Je suis honorée de pouvoir m’inscrire à mon tour dans cet espace de dialogue, et je vous remercie sincèrement pour cette initiative qui, au-delà des mots, participe à construire un avenir plus ouvert, et plus inspiré
📌Un dernier message à partager avec notre audience ?
À toutes celles et ceux qui nous lisent, je voudrais dire ceci : croyez en votre voix.
Chaque idée, chaque rêve, chaque engagement a sa place et mérite d’exister.
Ne laissez jamais personne minimiser vos ambitions sous prétexte qu’elles sont différentes ou ambitieuses. Aucune idée n’est trop petite, aucun rêve n’est inaccessible, tant qu’il est porté avec foi, travail et sincérité.
Osez vous exprimer, osez prendre des risques, osez apprendre de vos erreurs et vous réinventer. Le chemin vers la réussite n’est jamais une ligne droite, mais chaque détour est une richesse supplémentaire.
Et surtout, souvenez-vous que la réussite est encore plus belle lorsqu’elle se partage. Tendez la main aux autres, encouragez, soutenez, inspirez.

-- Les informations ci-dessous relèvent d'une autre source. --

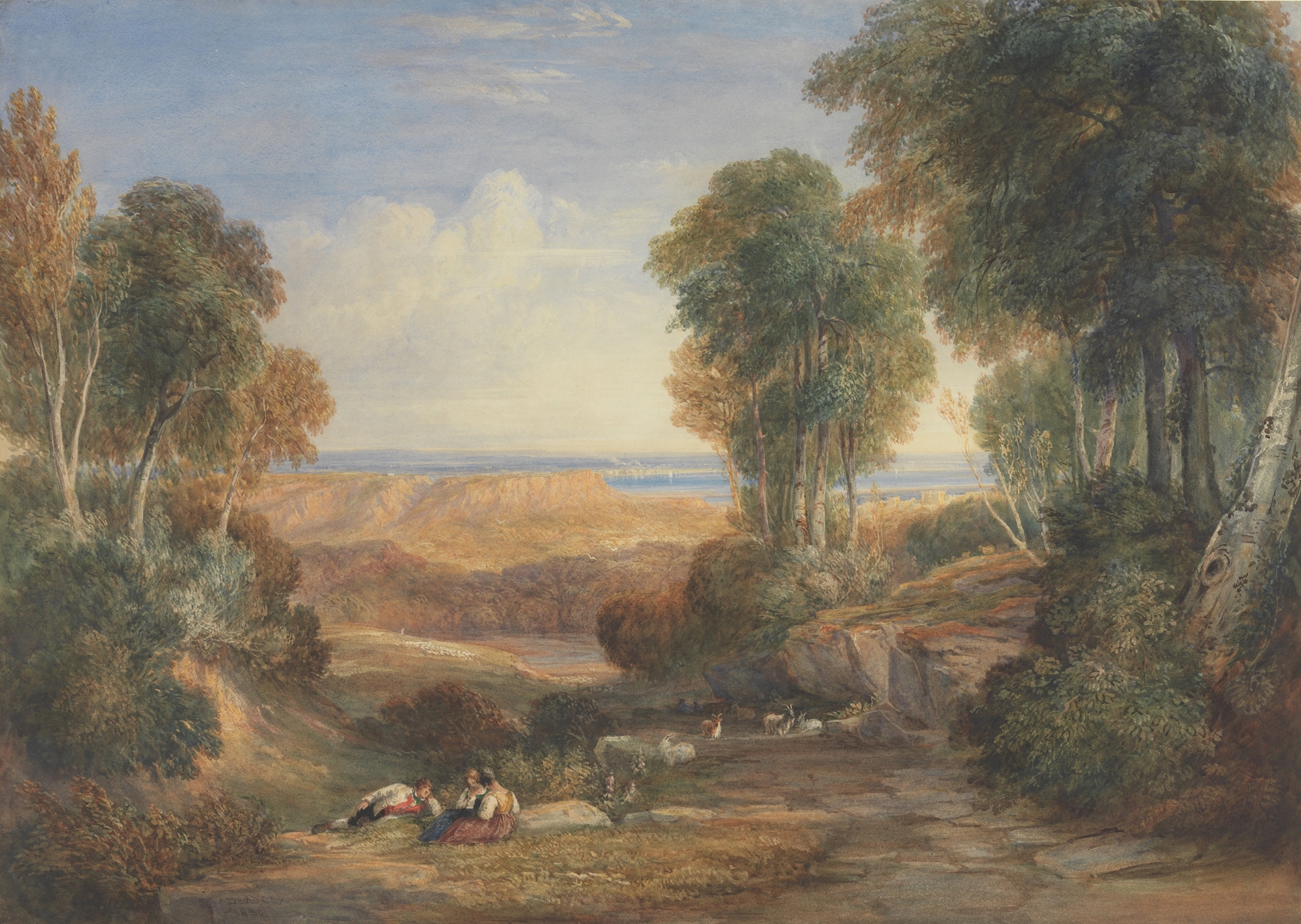 The Junction of the Severn and the Wye with Chepstow in the Distance, by David Cox, public domain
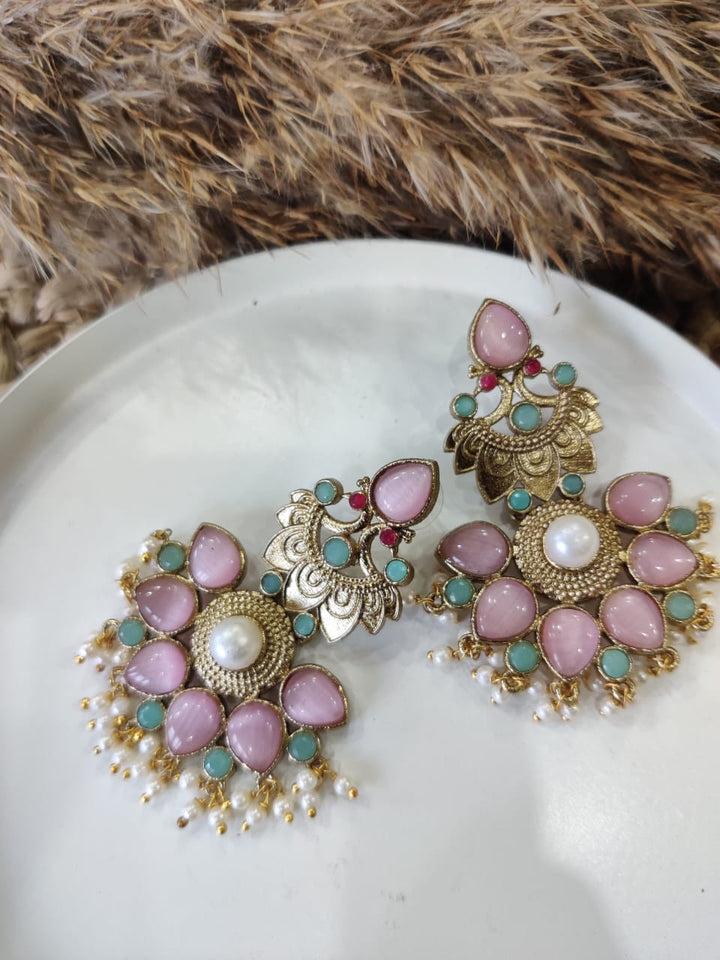 Floral Studded Chandbali Earrings with Pearls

La force collective que nous pouvons créer en nous soutenant les uns les autres est bien plus puissante que toutes les barrières que nous pouvons rencontrer.
Enfin, je voudrais dire que chaque voix compte, même celle qui hésite.
C’est en osant nous raconter, en osant prendre notre place, que nous participons chacun à notre échelle à bâtir un monde plus juste, plus ouvert, et plus humain.